The weight property is the estimate of the variance of the noise in each datasample.
vis_weight is the inverse variance
The task should zero all data and replace it with a realisation of a Gaussian noise distribution with a weight variance

Is the above correct?

tristpinsm · 2019-10-09T23:48:53Z

that's right, except that vis_weight is actually the inverse variance

anjakefala · 2019-10-09T23:50:40Z

@tristpinsm Thanks!

anjakefala · 2019-10-15T23:29:43Z

Notes from meeting:

For a random generator, the following key things are needed:

you want it to be reproducable
you want it to be generating different arrays for each node and for each realisation

for mpi_random_seed, the extra param takes care of generating a different array for each node. we also may want to have multiple reproducible realisations. Proposal is to either add a counter to tasks that employ it or the mpi_random_seed context manager keeps track of how often it was run.

…nerator Closes #52.

anjakefala · 2019-10-22T23:27:37Z

Do we want to update the other tasks to use RandomGen instead of NumPy.random?

tristpinsm · 2019-10-22T23:45:14Z

Would the reason to do so be performance? Do we think using numpy is currently a limitation?

anjakefala · 2019-10-22T23:46:12Z

I will look into the difference between them! I just noticed that @jrs65 recommended using RandomGen and elsewhere in synthesis/noise.py uses NumPy.random.

tristpinsm · 2019-10-22T23:50:16Z

yeah I had never heard of RandomGen until now and I'm still not sure what its advantages are.
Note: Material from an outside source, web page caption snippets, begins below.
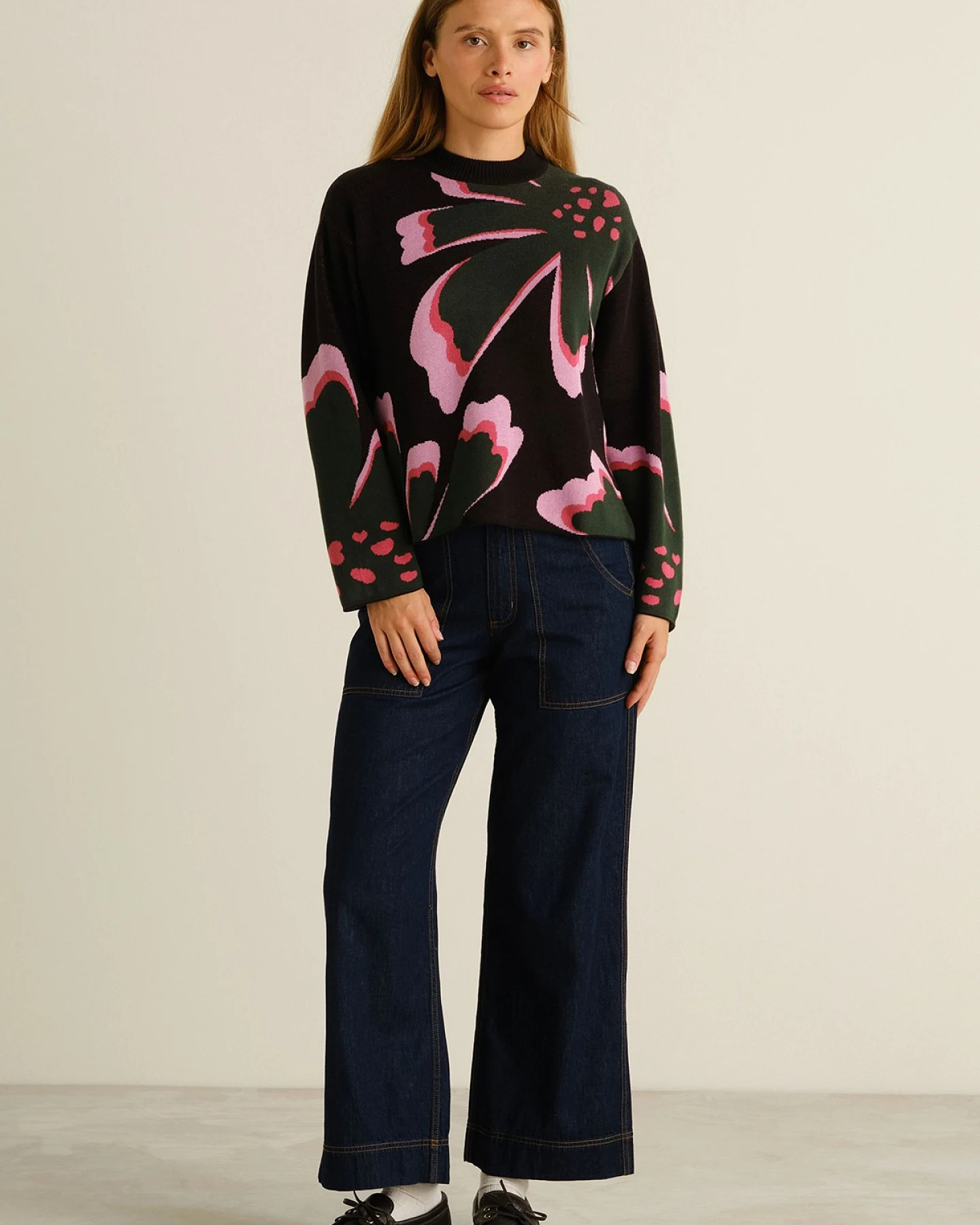 Strickpullover Limhamn Big Bloom Schwarz – Ansicht 4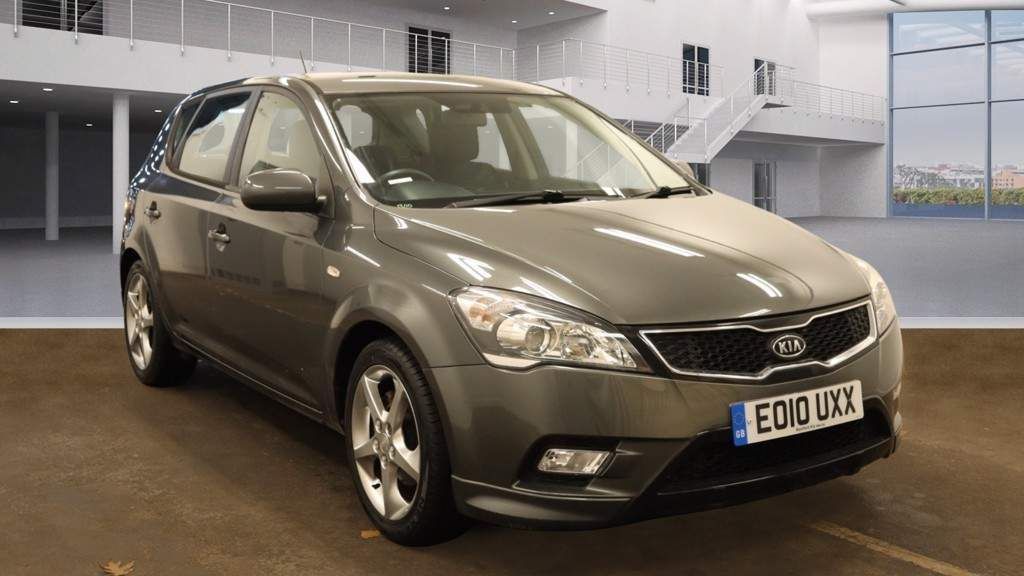 Kia Ceed 1.6 3 5dr 2010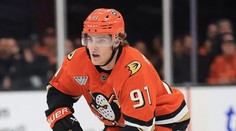 Anaheim si ponechá svoju hviezdu. Carlsson bude najlepšie plateným hráčom NHL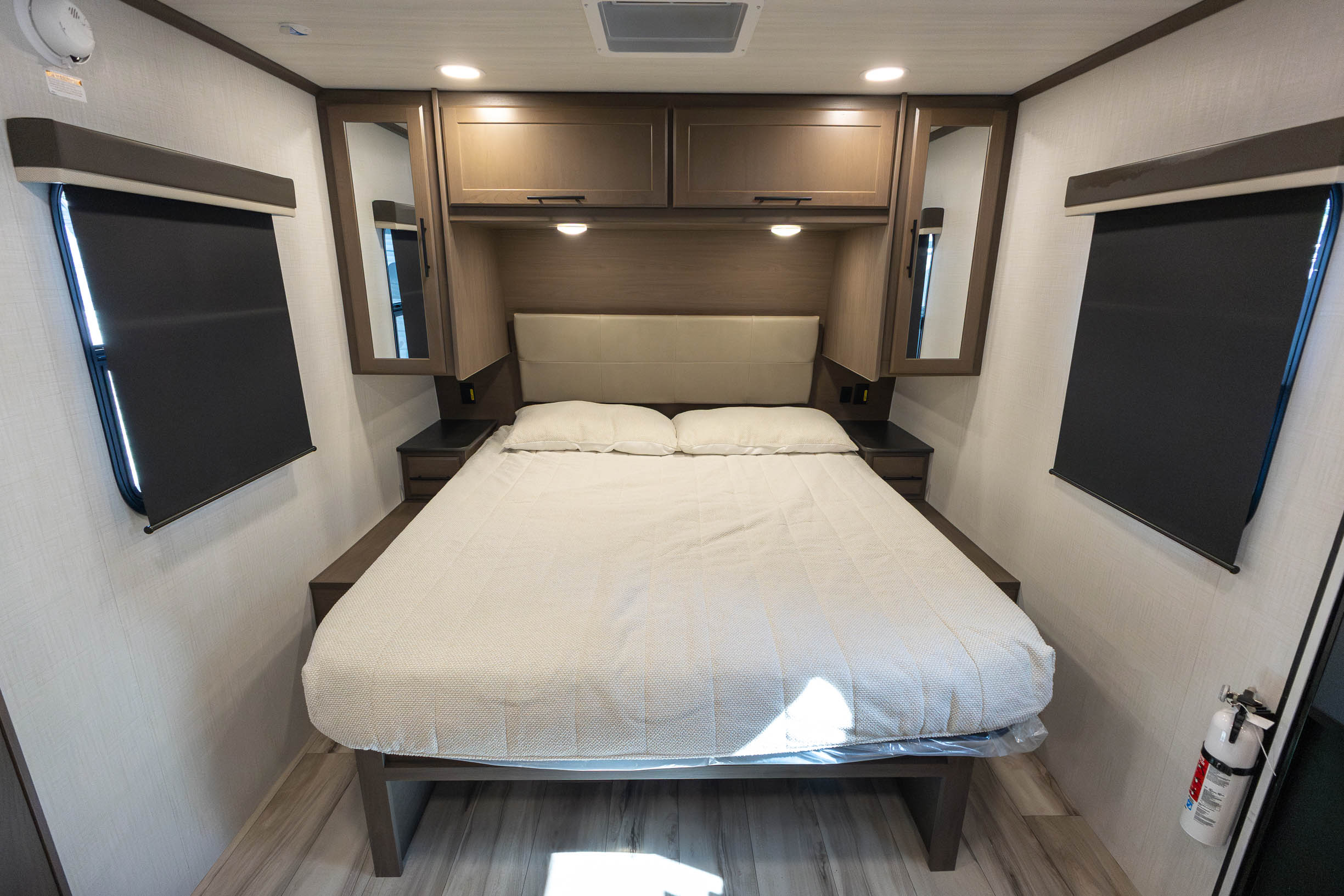 2027 Keystone RV Cougar Half-Ton 21LBK TRAVEL TRAILER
From what I read in their docs it is supposed to be quite a bit faster in certain situations. They also note that compatibility (presumably between versions) is not guaranteed.

tristpinsm · 2019-10-22T23:58:50Z

I think this has been integrated in numpy already: https://docs.scipy.org/doc/numpy/reference/random/generator.html#numpy.random.Generator. As long as we are running a recent version this functionality should already be available (?)

jrs65 · 2019-10-23T04:08:47Z

I don't think there's any reason to go back and change things, but as RandomGen is already a requirement we should use it when we can.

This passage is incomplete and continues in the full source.